Pictures within the data are to be left out; everything else must be reproduced exactly.

* [AVAILABLE DATA]
+++

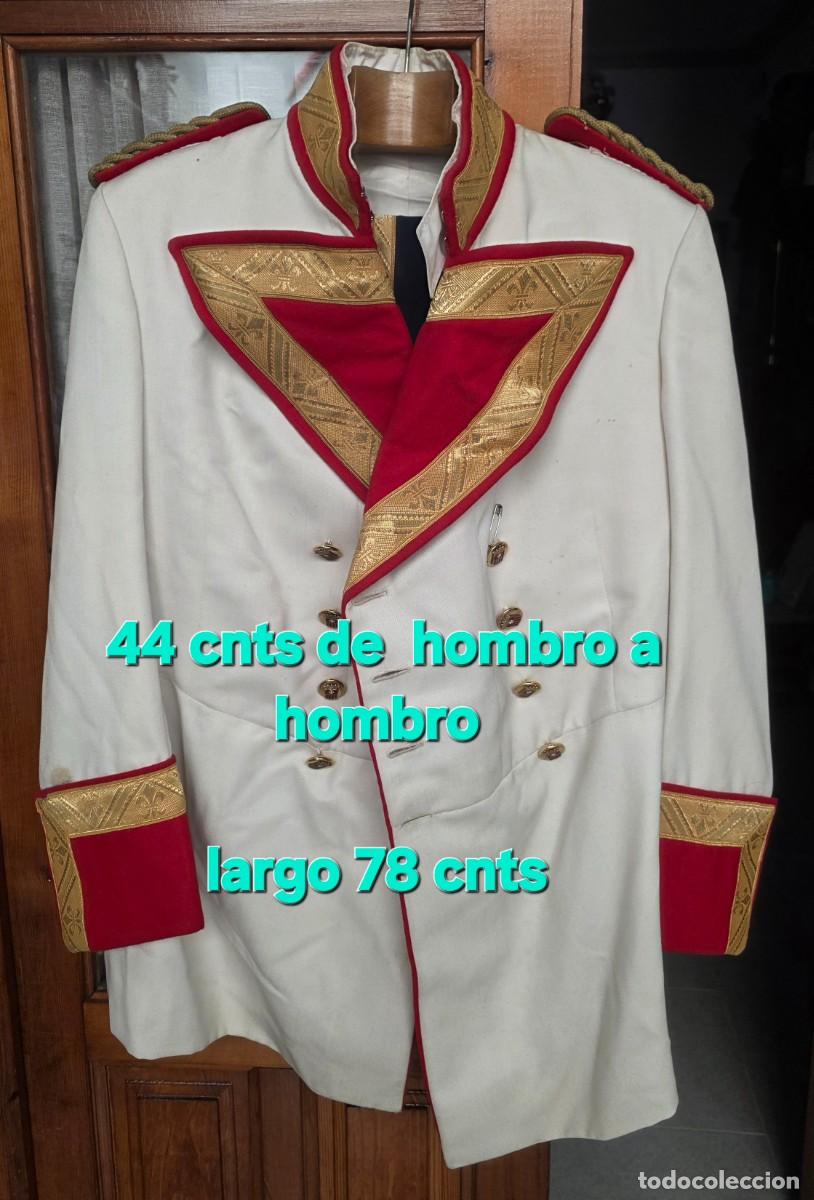 Militaria: Uniforme de gala de la Orden de la Merced con bicornio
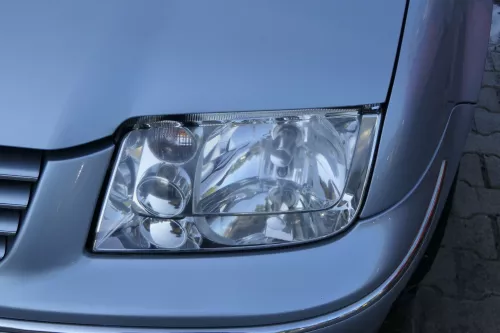 VW Bora Stoßstange vorne Frontstoßstange Stoßfänger vorn blau LB5S (183687)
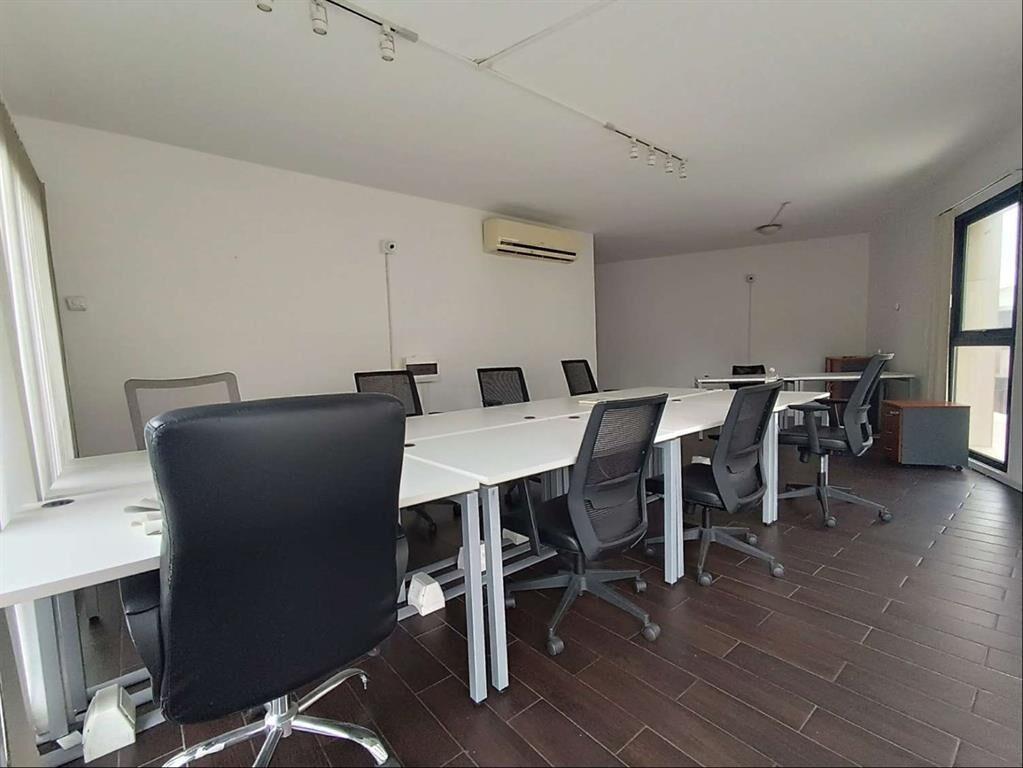 ALQUILER -OFICINA -AMOBLADA-CIUDAD VIEJA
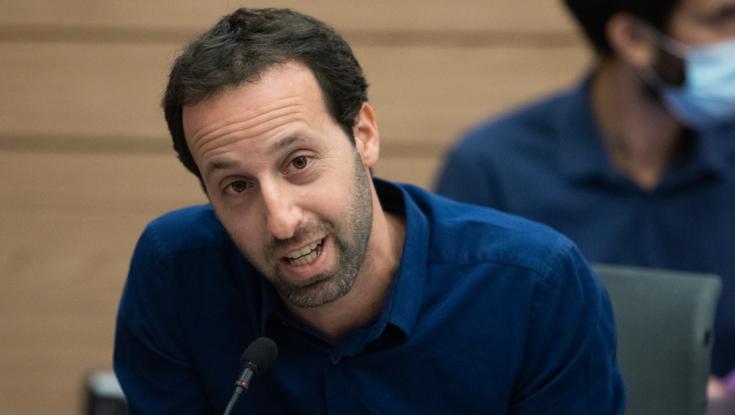 רם שפע נחרד מהמודעה - ואז גילה את הפאדיחה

+++

* [RESULT OF THIS EXERCISE]
 Militaria: Uniforme de gala de la Orden de la Merced con bicornio
 VW Bora Stoßstange vorne Frontstoßstange Stoßfänger vorn blau LB5S (183687)
 ALQUILER -OFICINA -AMOBLADA-CIUDAD VIEJA
 רם שפע נחרד מהמודעה - ואז גילה את הפאדיחה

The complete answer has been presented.